The Trump campaign has also sought to portray Walz’s response to the George Floyd protests as incompetent. Vance has hammered the idea at every campaign stop that Walz “allowed the city of Minneapolis to burn” during the rioting.
But that doesn’t square with an audio recording of a phone call between Trump and a group of governors in the wake of the 2020 riots, in which Trump praised Walz and said he “totally agreed with the way [Walz] handled it the last couple of days” including calling in the national guard. He called Walz “an excellent guy” and then said to Walz directly on the call, “You called up the big numbers, and the big numbers knocked them out so fast it was like bowling pins.”
The days ahead
Harris/Walz have opened a modest lead in the polling ahead of the big Democratic National Convention. Voters who were “double doubters” in a Biden/Trump rematch are starting to break for Harris now that she is in the race. That appears especially true among African Americans, whose enthusiasm for Harris has closed the once yawning gap between Democrats and Republicans when it came to excitement over their respective candidates.
Trump and Vance have squandered an opportunity to define first Harris and now Walz as the headlines continue to report significant excitement for the ticket. And Trump has done little to garner any media attention beyond his half-hearted appearances and rambling screeds on social media.
But we shouldn’t grow overconfident. Trump is very savvy when it comes to media, and sooner or later he likely will find a message that will land on the new Democratic ticket. So far, merely mocking her name as “Kambala” or impugning the record of a career servicemember isn’t cutting it. And having his bumbling, low “rizz” VP pick out there with yet another unforced error before reporters isn’t helping.
One last thing to watch: Just before Biden decided to drop out, internal polling showed that he was in trouble in places Democrats once thought safe, including Virginia, New Hampshire and New Mexico. Those blue states have now shifted back into safe territory under Harris, at least according to polls.
But her rise has been so sharp that certain states Trump once thought were squarely in his column are now at risk, such as North Carolina and Georgia. If Trump winds up needing to spend time and precious campaign funds on advertising in those states, Harris could well have him on the ropes by November.
Correction: Vance was in Shelby Township in Michigan later that day, not Wisconsin.
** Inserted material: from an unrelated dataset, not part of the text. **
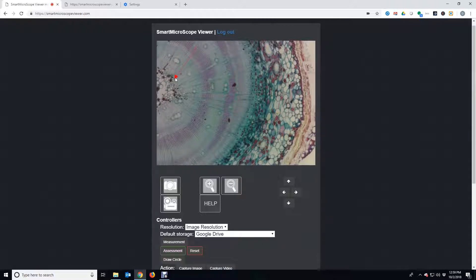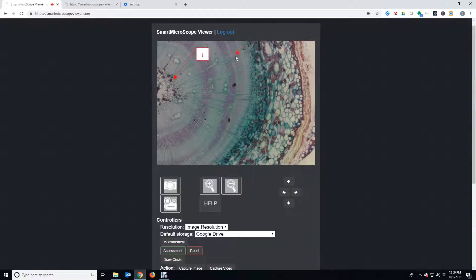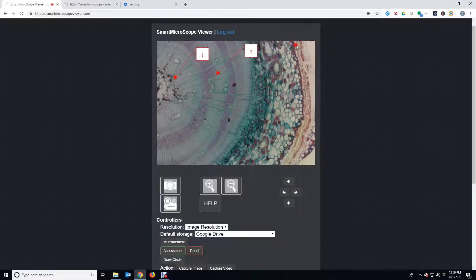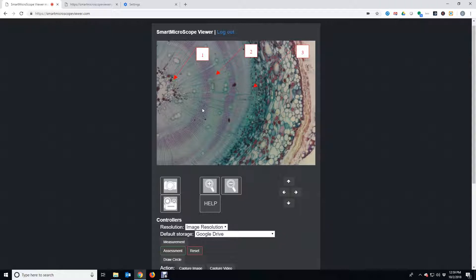The Smart Microscope Management tool allows the teacher to quickly create a quiz to determine if students have learned the concepts. Simply click and drag to an area on the image and an arrow and numbered box are drawn.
As a veteran of the US Navy I can say this: there is NOTHING more dishonorable than for a veteran to malign the service of another veteran. So, yes, JD has no honor.
But are the rest of them even adults? Creating insulting nicknames? Talking about needing to clean AF2? WT - actual - F!
The one thing that does concern me is this of the comment by trump - "whose (Biden's) Presidency was Unconstitutionally STOLEN from him..." Unconstitutionally stolen? I think this a preview of one of the lawsuits when he loses, and with a corrupt supreme court, who knows what could happen.